◆ **Source material**:
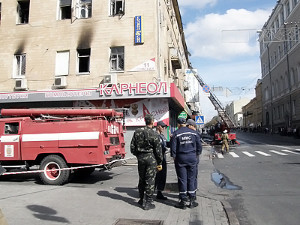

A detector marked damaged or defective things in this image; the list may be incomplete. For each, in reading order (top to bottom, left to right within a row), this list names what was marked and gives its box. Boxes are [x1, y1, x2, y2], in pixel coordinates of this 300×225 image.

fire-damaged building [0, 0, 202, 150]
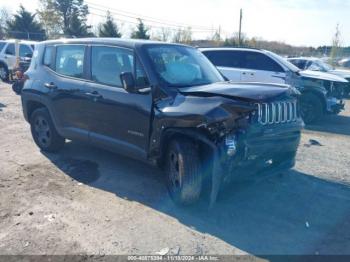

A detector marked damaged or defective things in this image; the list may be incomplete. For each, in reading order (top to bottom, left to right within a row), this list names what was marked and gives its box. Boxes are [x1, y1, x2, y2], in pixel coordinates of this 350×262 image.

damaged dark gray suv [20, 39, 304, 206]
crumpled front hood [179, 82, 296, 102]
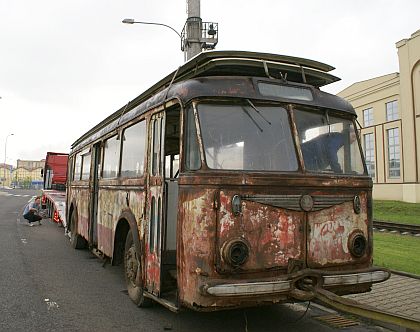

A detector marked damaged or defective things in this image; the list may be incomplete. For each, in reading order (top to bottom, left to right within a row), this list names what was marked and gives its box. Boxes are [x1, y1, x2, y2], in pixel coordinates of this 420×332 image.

...

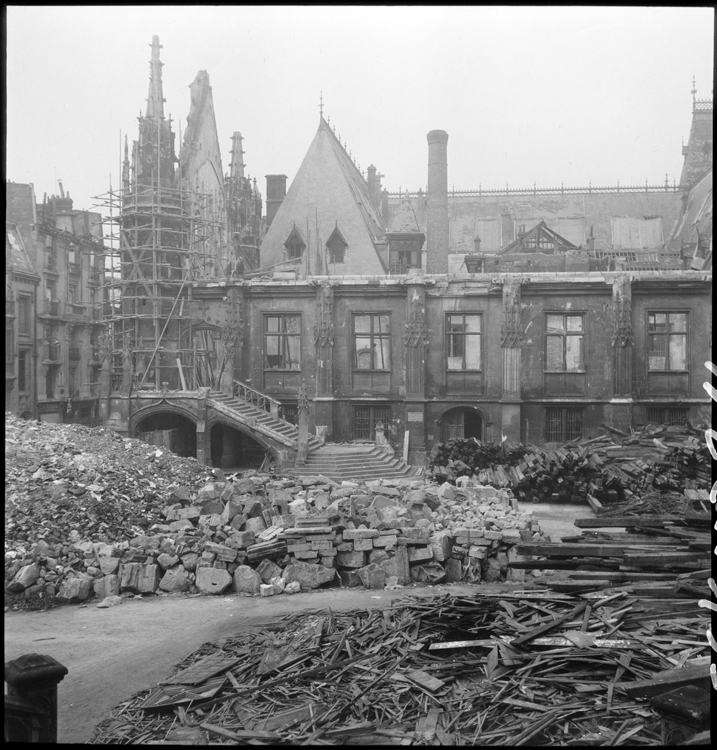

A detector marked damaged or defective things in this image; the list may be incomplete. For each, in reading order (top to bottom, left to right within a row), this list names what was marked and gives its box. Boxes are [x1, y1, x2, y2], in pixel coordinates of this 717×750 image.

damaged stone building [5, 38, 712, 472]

...

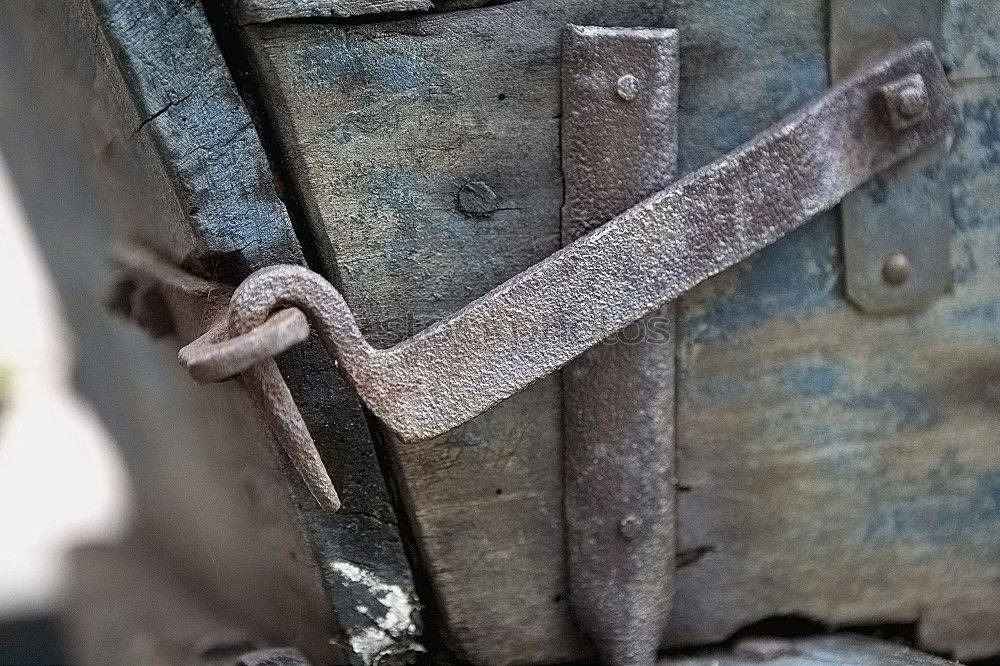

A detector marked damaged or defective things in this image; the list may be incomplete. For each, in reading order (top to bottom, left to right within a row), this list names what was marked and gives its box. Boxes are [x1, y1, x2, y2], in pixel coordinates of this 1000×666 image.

◆ **Your goal**:
If a picture sits between the line containing "this 300×225 image." and the line containing "this 420×332 image.", leave it out, and return the lines of that range above exactly, both ends included.

◆ **Response to the exercise**:
A detector marked damaged or defective things in this image; the list may be incomplete. For each, in reading order (top to bottom, left to right within a row), this list names what was marked and gives its box. Boxes are [x1, y1, x2, y2], in pixel coordinates of this 300×225 image.

fire-damaged building [0, 0, 202, 150]

A detector marked damaged or defective things in this image; the list may be incomplete. For each, in reading order (top to bottom, left to right within a row), this list names what was marked and gives its box. Boxes are [x1, y1, x2, y2], in pixel coordinates of this 350×262 image.

damaged dark gray suv [20, 39, 304, 206]
crumpled front hood [179, 82, 296, 102]

A detector marked damaged or defective things in this image; the list may be incomplete. For each, in reading order (top to bottom, left to right within a row), this list names what was marked and gives its box. Boxes are [x1, y1, x2, y2], in pixel coordinates of this 420×332 image.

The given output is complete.